NVIDIA GeForce RTX 4090 D Gaming GPU For China Does Not Support Overclocking, Sips Lower Power
NVIDIA GeForce RTX 4090 D Gaming GPU For China Does Not Support Overclocking, Sips Lower Power

NVIDIA's China-Exclusive GeForce RTX 4090 D Gaming GPU might not offer overclocking support while shipping with cut-down specifications.
Benchlife follows up on the previous leak with two new details regarding the NVIDIA GeForce RTX 4090 D which is a Gaming GPU designed exclusively for the Chinese market. The GPU will be made to replace the original RTX 4090 which has been restricted in China due to the latest US regulations imposed on various companies. As such, the RTX 4090 D will serve as the flagship and the fastest gaming chip in the country when launched.
We have been getting bits and pieces regarding the GeForce RTX 4090 D ever since we exclusively revealed its existence to the public. Based on the new information, it looks like the card will draw slightly lower power than the GeForce RTX 4090 which is rated at 450W.

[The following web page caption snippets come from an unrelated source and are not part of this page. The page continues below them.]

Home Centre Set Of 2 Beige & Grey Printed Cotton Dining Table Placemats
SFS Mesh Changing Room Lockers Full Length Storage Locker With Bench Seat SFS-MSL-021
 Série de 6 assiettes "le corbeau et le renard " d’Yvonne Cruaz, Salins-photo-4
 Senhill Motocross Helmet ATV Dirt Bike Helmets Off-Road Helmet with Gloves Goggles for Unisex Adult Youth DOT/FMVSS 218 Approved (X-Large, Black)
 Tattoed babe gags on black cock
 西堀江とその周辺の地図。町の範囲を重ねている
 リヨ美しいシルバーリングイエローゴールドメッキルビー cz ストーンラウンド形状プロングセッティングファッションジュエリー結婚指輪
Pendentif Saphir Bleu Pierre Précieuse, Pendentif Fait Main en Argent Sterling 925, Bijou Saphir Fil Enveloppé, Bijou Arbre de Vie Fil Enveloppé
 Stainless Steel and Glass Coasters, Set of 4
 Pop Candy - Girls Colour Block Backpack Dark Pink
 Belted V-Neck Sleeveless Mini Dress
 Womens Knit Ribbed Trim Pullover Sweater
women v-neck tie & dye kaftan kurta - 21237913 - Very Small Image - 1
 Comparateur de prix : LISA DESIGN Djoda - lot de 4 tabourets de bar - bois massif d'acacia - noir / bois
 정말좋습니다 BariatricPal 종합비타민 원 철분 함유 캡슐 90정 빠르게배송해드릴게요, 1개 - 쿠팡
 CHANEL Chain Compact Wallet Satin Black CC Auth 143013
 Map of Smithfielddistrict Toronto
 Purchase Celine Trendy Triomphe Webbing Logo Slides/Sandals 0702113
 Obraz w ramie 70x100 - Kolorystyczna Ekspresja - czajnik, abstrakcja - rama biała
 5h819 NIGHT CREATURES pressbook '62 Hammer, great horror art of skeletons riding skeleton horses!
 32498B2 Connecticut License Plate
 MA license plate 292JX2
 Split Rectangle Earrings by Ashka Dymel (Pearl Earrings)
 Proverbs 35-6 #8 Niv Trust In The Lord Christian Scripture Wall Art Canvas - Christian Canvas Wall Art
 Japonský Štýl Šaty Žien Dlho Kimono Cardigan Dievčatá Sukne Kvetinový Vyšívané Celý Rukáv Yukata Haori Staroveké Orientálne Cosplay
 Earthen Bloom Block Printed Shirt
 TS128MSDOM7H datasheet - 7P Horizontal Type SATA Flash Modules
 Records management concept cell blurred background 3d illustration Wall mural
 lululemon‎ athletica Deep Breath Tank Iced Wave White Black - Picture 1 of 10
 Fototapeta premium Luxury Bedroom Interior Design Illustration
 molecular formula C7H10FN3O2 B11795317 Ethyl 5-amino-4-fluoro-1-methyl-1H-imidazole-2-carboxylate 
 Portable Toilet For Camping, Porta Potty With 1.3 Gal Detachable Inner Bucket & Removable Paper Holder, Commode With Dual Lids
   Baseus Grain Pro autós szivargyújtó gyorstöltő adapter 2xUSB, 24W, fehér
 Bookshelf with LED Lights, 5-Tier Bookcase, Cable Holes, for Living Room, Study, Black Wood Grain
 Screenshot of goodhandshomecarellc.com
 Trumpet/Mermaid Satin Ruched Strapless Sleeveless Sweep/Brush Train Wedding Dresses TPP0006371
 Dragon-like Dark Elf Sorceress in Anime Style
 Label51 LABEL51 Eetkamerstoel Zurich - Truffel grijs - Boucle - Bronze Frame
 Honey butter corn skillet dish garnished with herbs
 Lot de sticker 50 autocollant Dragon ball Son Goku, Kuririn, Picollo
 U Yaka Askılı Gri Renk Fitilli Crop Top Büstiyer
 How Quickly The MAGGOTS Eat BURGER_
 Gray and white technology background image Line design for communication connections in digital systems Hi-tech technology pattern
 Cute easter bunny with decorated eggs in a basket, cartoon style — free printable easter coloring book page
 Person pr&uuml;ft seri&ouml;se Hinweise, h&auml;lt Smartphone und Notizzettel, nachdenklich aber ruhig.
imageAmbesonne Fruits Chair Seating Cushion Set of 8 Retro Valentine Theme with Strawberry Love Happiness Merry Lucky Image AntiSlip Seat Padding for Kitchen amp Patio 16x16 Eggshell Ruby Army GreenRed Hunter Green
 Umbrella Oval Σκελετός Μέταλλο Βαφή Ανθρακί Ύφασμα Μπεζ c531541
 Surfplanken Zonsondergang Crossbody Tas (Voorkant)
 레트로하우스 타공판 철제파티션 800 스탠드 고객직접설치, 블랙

The GeForce RTX 4090 D will reportedly have a TGP of 425W which is 25W lower than the original model and it should be expected since the card features a cut-down GPU known as the AD102-250 which should feature a lower number of cores to meet fall within the allowed TPP (Total Processing Performance) parameters.
The major detail that has been pointed out by Benchlife is that the NVIDIA GeForce RTX 4090 D GPU won't feature overclocking support. Now that's a particularly interesting decision since the GeForce RTX 4090 does support some good OC capabilities which allow the card to run at over 3000 MHz. The RTX 4090 D comes with very similar clocks so it shouldn't be that hard to OC it but based on this report, it looks like OC is artificially or hardware-locked on the AD102-250 SKUs.
We can confirm that NVIDIA will not open any overclocking settings for the GeForce RTX 4090 D.
Benchlife (Machine Translated)
It will be interesting to see how AIBs respond to this as they always make an OC and a non-OC design centered around a flagship product. This means that all custom designs from AIBs that make an NVIDIA GeForce RTX 4090 D graphics card would have to stick to the reference clock speeds which are rated at 2280 MHz base and 2520 MHz boost clocks. From what we have been told, the RTX 4090 D is in full production at the moment with AIBs already finished with marketing so we are looking at a late January launch if everything goes according to plan.